### [Work required]
Every line between the one containing "Congress Dr. at Dreux Ave to Harahan map" and the last line of the data, both included, is to be set down exactly, and pictures are to be omitted.

### [Collected data]
◇ ◇ ◇ ◇ ◇ ◇ ◇

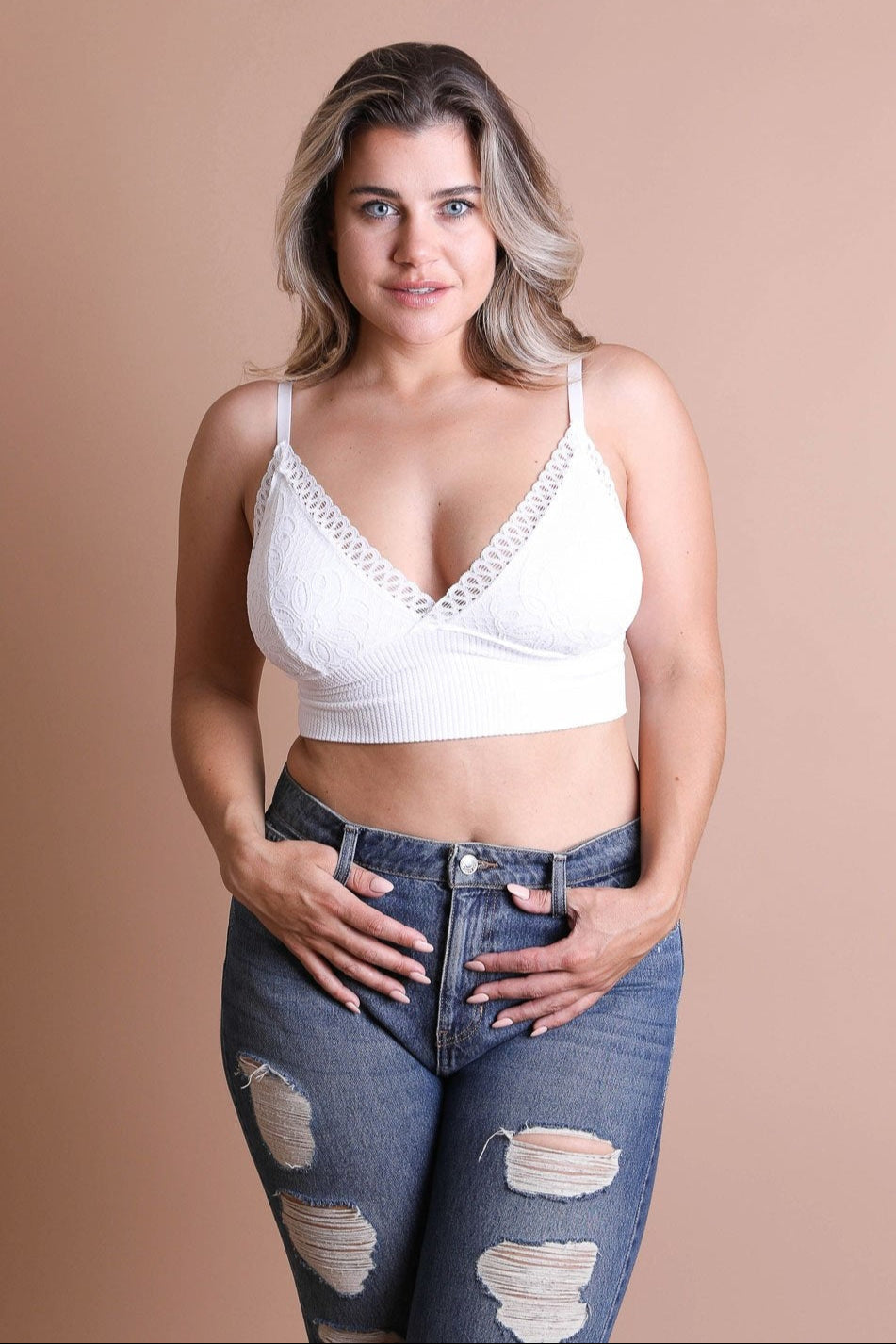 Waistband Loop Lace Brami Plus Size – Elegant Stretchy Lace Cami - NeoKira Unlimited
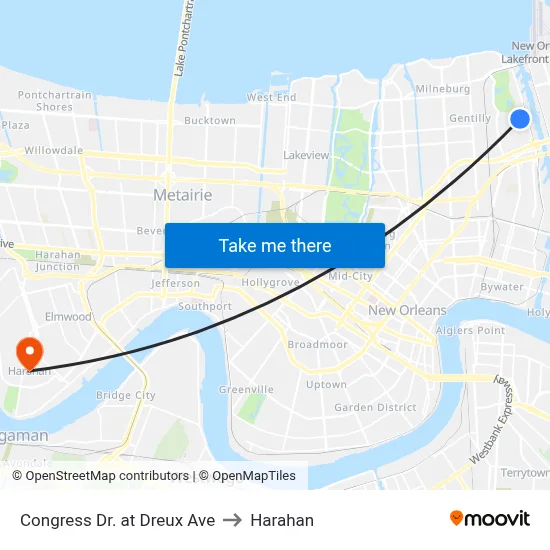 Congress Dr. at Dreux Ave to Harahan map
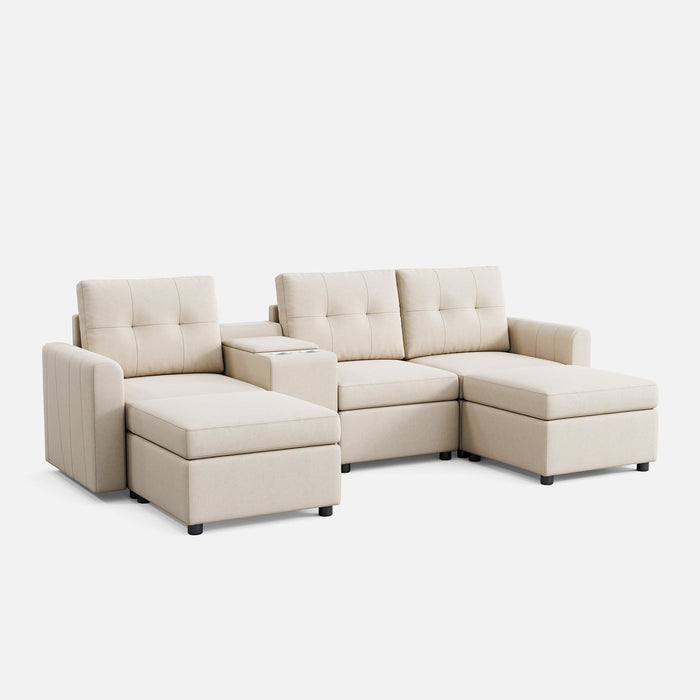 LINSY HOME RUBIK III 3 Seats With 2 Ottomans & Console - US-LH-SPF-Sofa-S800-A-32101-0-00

◇ ◇ ◇ ◇ ◇ ◇ ◇

### [Solution to this task]
 Congress Dr. at Dreux Ave to Harahan map
 LINSY HOME RUBIK III 3 Seats With 2 Ottomans & Console - US-LH-SPF-Sofa-S800-A-32101-0-00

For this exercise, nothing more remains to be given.